Apple designed Springboard – the iPhone equivalent of the Finder with an eye to Apps being, well, apps. You buy them, you use them, you keep most of them. But if we treat them as sources of entertainment too, then we want something which helps us categorise them just like we might do songs etc. because we’ve got a lot of them.
I’ve found myself having two classes of apps – core, serious apps, and fun stuff which I might play with for a bit and then forget about because I’ve had my fun. I now search for apps more than using Springboard. I tried the new iTunes App organiser but it doesn’t really help – no labelling, and apps still organise themselves when you add new ones.

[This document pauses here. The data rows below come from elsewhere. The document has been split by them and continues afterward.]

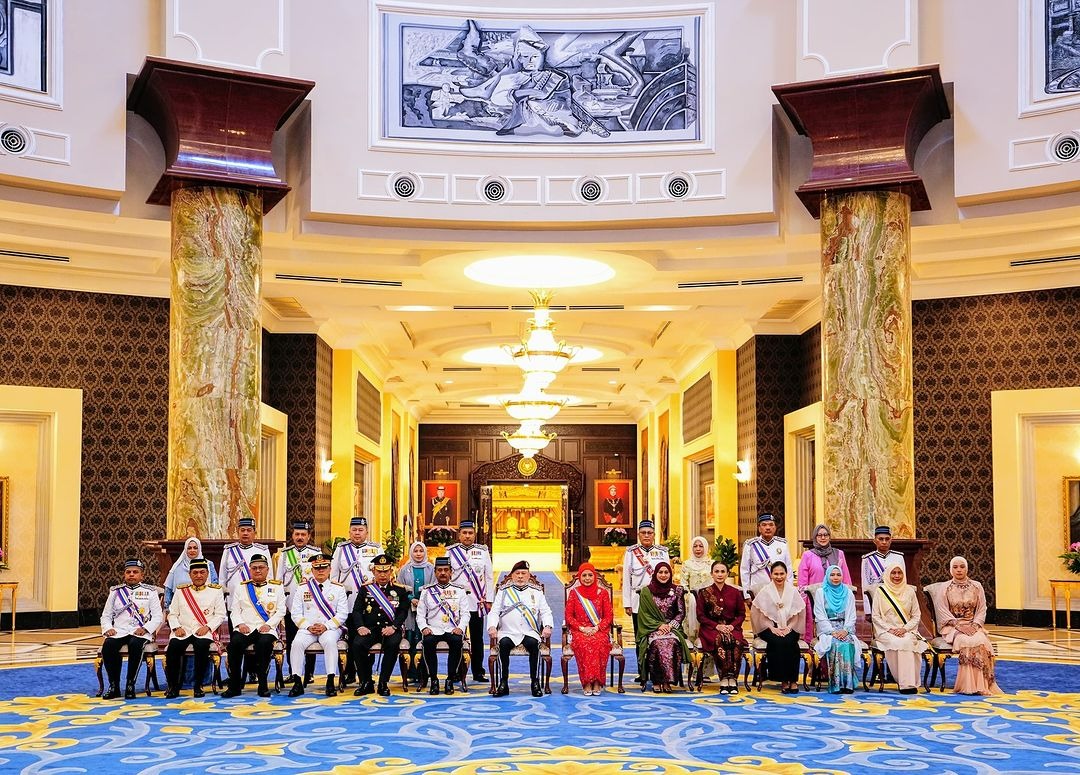 1-KAPOLRI-TERIMA-Panglima-Gagah-Pasukan-Polis-PGPP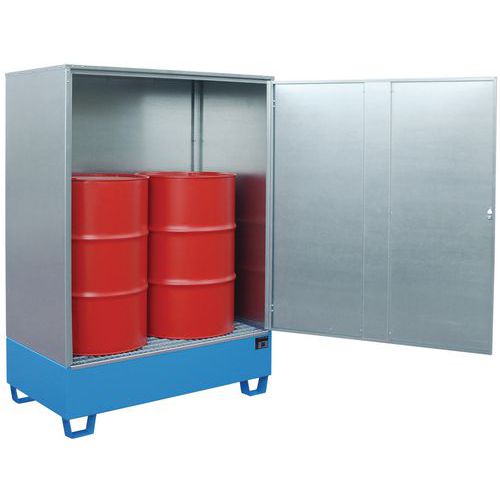 caixa galvanizada caixa galvanizada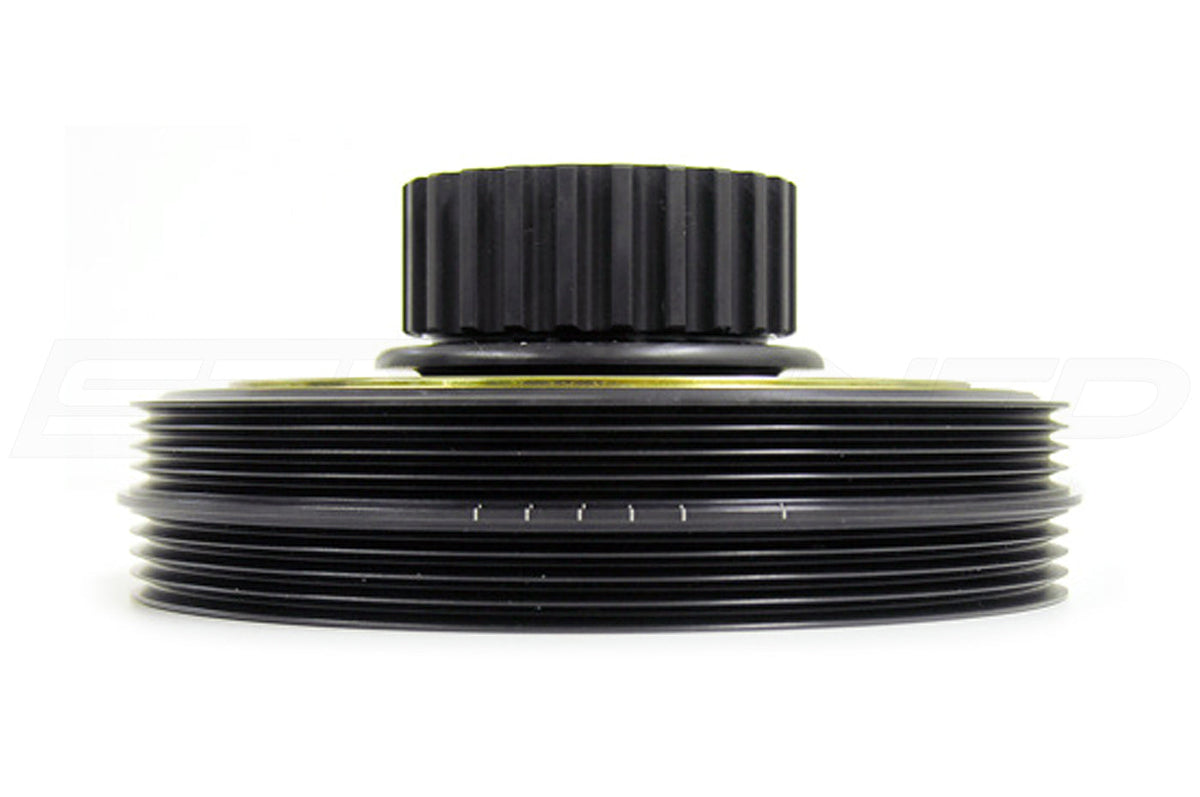 ATI Super Damper for 1G/2G DSM (918251)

So it’s a bit of a UI mess, ironically routed in the (probably) unexpected emergence of iPhone apps being more than just iPhone addons, but entertainment just like movies or music.
And that’s the interesting thing. We all thought iPhone Apps would be like Desktop apps and in fact they’ve turned out to be a mix – some are Apps in the Desktop sense and some are entertainment in the Music/Movie sense. I wonder if Apple are taken a little by surprise by this.
Ironically as I wrote this, Alex (6 years old) got bored of “Johnny Test” cartoon and asked to play with my iPhone. He’s happily playing some little game I downloaded a while ago. Interestingly his Nintendo DS is on the table, untouched…
Interestingly when I’m with an iPhone user, it’s not uncommon to play the “What iPhone apps do you have” game, and to discover a whole bunch of new and interesting ones.